Kelly is director of the Washington University Center for Cardiovascular Research and co-director of the Cardiovascular Division. In addition to his clinical work with patients at Barnes-Jewish and St. Louis Children’s hospitals, he oversees an extensive research program to develop and study mouse models of diabetes and heart disease. A major research initiative of the new center will be to study heart attacks in animal models and apply the findings toward development of new diagnostics and treatments for human diabetics.

“A primary hypothesis of the research funded by this grant is that too much fat is entering the diabetic heart, where it doesn’t belong,” Kelly explains. “If you don’t treat the fat accumulating in the heart, all the cardiologic therapies in the world may not remedy the heart failure caused by the fat.”

Through research in mouse models, Kelly aims to identify new drugs to eliminate fat in cardiac tissues. Kelly and his colleagues will also use the animal research to identify biochemical markers and genetic factors associated with increased risk of cardiovascular disease and death.

Another major branch of the center’s research will be run by John Spertus, M.D., professor of medicine and health outcomes research at Mid-America Heart Institute and the University of Missouri-Kansas City. To begin the process of applying animal model results to patient populations, Spertus will enroll 4,500 heart attack patients across the nation. Approximately 1,500 of those patients will be diabetic.

“We will compare what we learn from the mice with human diabetic and non-diabetic populations,” Kelly explains. “This will allow us to confirm whether the biomarkers we identify in mice are useful and predictive in humans.”

Spertus also plans to study differences in outcomes based on patient race and ethnicity.

A third facet of the SCCOR grant, led by Howard McLeod, Pharm.
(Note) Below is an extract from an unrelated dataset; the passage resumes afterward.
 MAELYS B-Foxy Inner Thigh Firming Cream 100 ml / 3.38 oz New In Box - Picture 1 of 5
D., associate professor of genetics at the School of Medicine, will examine how genetic differences in diabetic patients affect their response to drug therapies.

“The final goal is to develop something called a diabetic cardiovascular panel,” Kelly says. “It will help us stratify diabetic patients based in part on the severity of the metabolic disease, a key step toward choosing treatment strategies.”
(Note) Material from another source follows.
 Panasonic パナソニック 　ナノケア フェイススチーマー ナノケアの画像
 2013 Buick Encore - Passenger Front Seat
The SCCOR grant dovetails with the university’s BioMed 21 project, an initiative that fosters multidisciplinary collaboration to speed the development of new therapies.
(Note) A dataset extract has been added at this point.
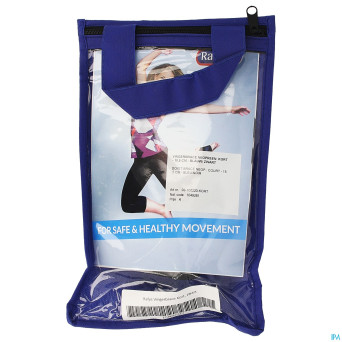 Rafys doigt brace neop. bleu court 15,5cm 220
Washington University School of Medicine’s full-time and volunteer faculty physicians also are the medical staff of Barnes-Jewish and St. Louis Children’s hospitals. The School of Medicine is one of the leading medical research, teaching and patient care institutions in the nation, currently ranked second in the nation by U.S. News & World Report. Through its affiliations with Barnes-Jewish and St. Louis Children’s hospitals, the School of Medicine is linked to BJC HealthCare.